Keine zwei Wochen ist es her, dass die Bundesregierung den Abzug der 260 Bundeswehrsoldaten, sechs Aufklärungstornados und einem Tankflugzeug aus dem türkischen Incirlik nach Jordanien beschlossen hat, legte Kriegsministerin von der Leyen nun sang und klanglos einen Zeitplan vor. Auffällig ist, dass deutsche sowie türkische Medien nicht permanent darüber berichten und die Stimmung aufheizen, obwohl der Schlagabtausch vor einigen Wochen noch auf eine unschöne Scheidung hindeutete. Die Truppe soll ab Herbst künftig vom jordanischen Stützpunkt Al-Asrak nahe der Südgrenze zu Syrien aus operieren.
Alles beim Alten“
Bereits früher verwehrte die Türkei Besuche deutscher Bundestagsabgeordneter in Incirlik und beide Länder betreiben politisches Kalkül, um jeweils im Inland dem eigenen Volk „Souveränität und Stärke“ vorzugaukeln. Denn der Abzug bedeutet keinesfalls ein Abzug der Bundesregierung aus dem Mittleren Osten und für die Türkei hat es keinerlei militärische Konsequenzen. „Rheinmetall“ hat die Zustimmung für den lukrativen Auftrag zur Aufrüstung türkischer Panzer unabhängig von Incirlik und auch weitere militärische und polizeiliche Zusammenarbeit bleibt unberührt. Rüstungsexporte gehen weiter und die deutschen Aufklärer werden Bilder aus den Kampfgebieten an die türkische Armee liefern und die Türkei wird die kurdische Gebiete im Irak und Syrien weiterhin völkerrechtswidrig mit ihren Jets bombardieren, während Deutschland wegschauen wird. Diese NATO-Waffenbrüderschaft wird trotz des Umzugs nach Jordanien unberührt bleiben. Und beide Regierungen können sich zum eigenen Wahlvolk hin als der „Sieger“ verkaufen.

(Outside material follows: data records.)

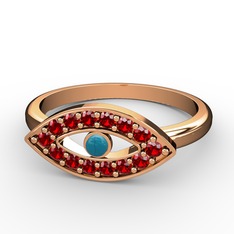 Garnet ve turkuaz 925 ayar rose altın kaplama gümüş yüzük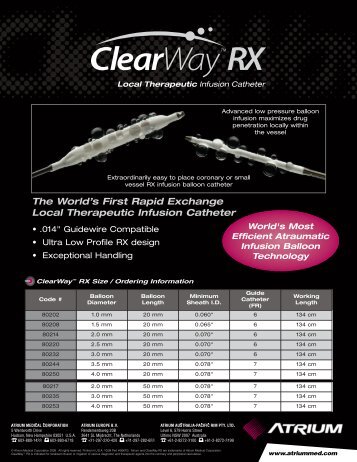 ClearWay RX 1 Page Flyer G - Atrium Medical Corporation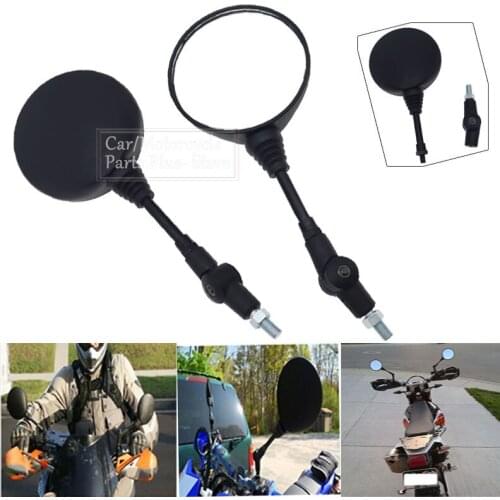 2pcs Universal Motorcycle Black Universal 10mm Side Mirror Rearview Mirror Anti-fall Folding Round Mirror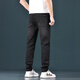 Canelin Kiskha Summer Thin Three-Defense White Jeans Men's Slim Straight-Legging Pants High-end Business Men's Casual Loose Long Pants 1048 Black Regular [77.9% Cotton 12% Viscose] Size 33
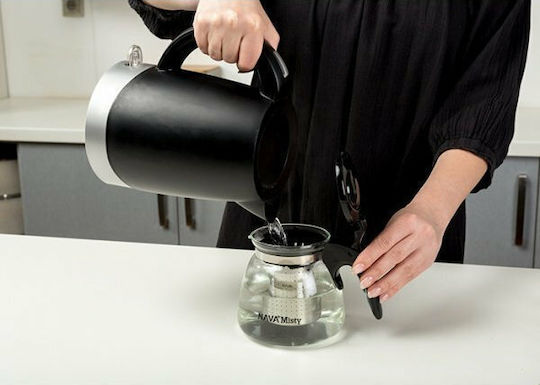 Nava Misty Τσαγιέρα με Φίλτρο Γυάλινη Διάφανη 900ml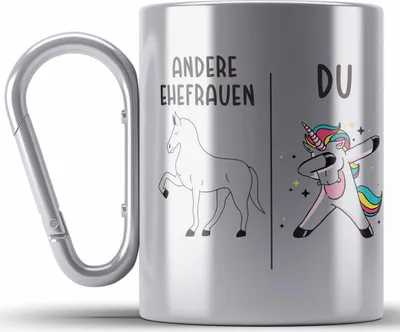 Produktbild von Trendation - Beste Ehefrau Edelstahl Tasse Karabiner Geschenk Sprüche Geburtstagsgeschenk Geburtstag (Silber)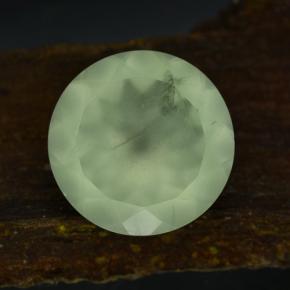Prehnita verde natural de 9,44 ct, corte redondo, translúcido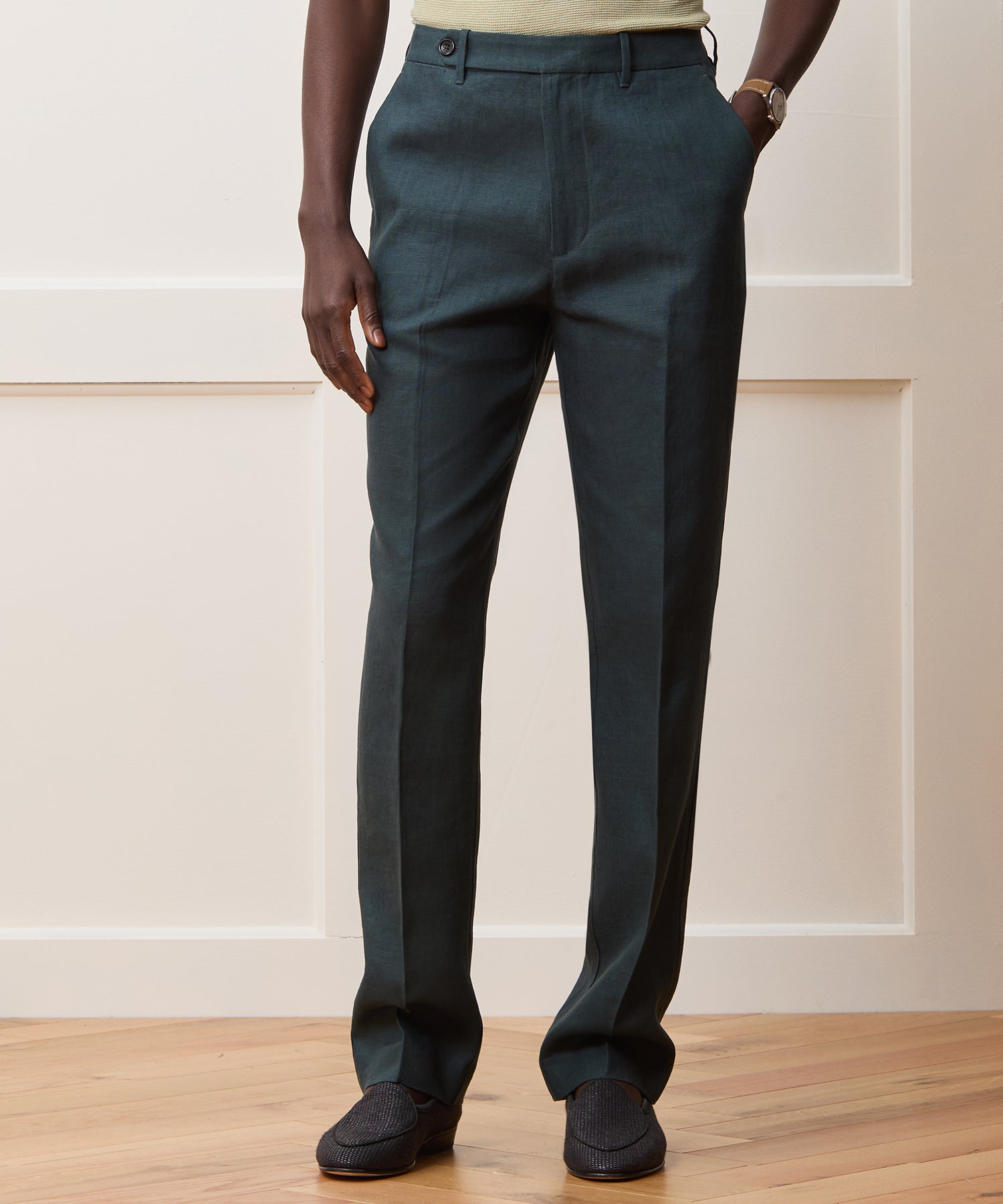 Straight Fit Linen Tab Trouser - Image 2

Spagat in der Türkei-Politik
Die Bundesregierung aber auch die Türkei betreiben jeweils einen Spagat in ihrer Außenpolitik. Einerseits kann und will sich die Merkel-Administration von ihrem Konkurrenten und zugleich Partner mit eigenen Regionalmachtansprüchen nicht auf der Nase herum tanzen lassen und um Unverständnis in der deutschen Bevölkerung zu dämpfen, muss sie sich nun zumindest dem Schein nach von der Türkei abgrenzen. Allerdings will sie noch nicht den menschenverachtenden „Flüchtlingsabkommen“, die wirtschaftliche Zusammenarbeit und die diplomatischen Beziehungen mit Erdogan komplett platzen lassen, da die Türkei als starker Partner in der Region gilt und für spätere militärische oder diplomatische Auseinandersetzungen mit den direkten imperialistischen Konkurrenten Russland und USA für Deutschland sicherlich noch eine wichtige Rolle spielen soll. Diese Partnerschaft wollen beide Länder nicht verlieren – zumindest noch und müssen deswegen die Beine stark spreizen…
Neue und alte Bündnisse
Alle imperialistischen Kräfte buhlen um Zweckpartnerschaften in der Region. Diplomatische und militärische Konfrontation und Zweckbündnisse gehören zum Wesen des imperialistischen Systems und die einzelnen Figuren positionieren und polarisieren sich zu Blöcken, um ihre jeweiligen Interessen am Besten zu wahren. Die imperialen Vormachtsansprüche weisen auf einen scharfen Schlagabtausch in der Zukunft hin, der in einen Weltkrieg münden kann. Und hier will Deutschland mit der Türkei eine Pufferzone zum europäischem Festland auf jeden Fall aufrecht erhalten. Deswegen ist Incirlik keine Scheidung, sondern eine „Freundschaft mit gewissen Vorzügen“.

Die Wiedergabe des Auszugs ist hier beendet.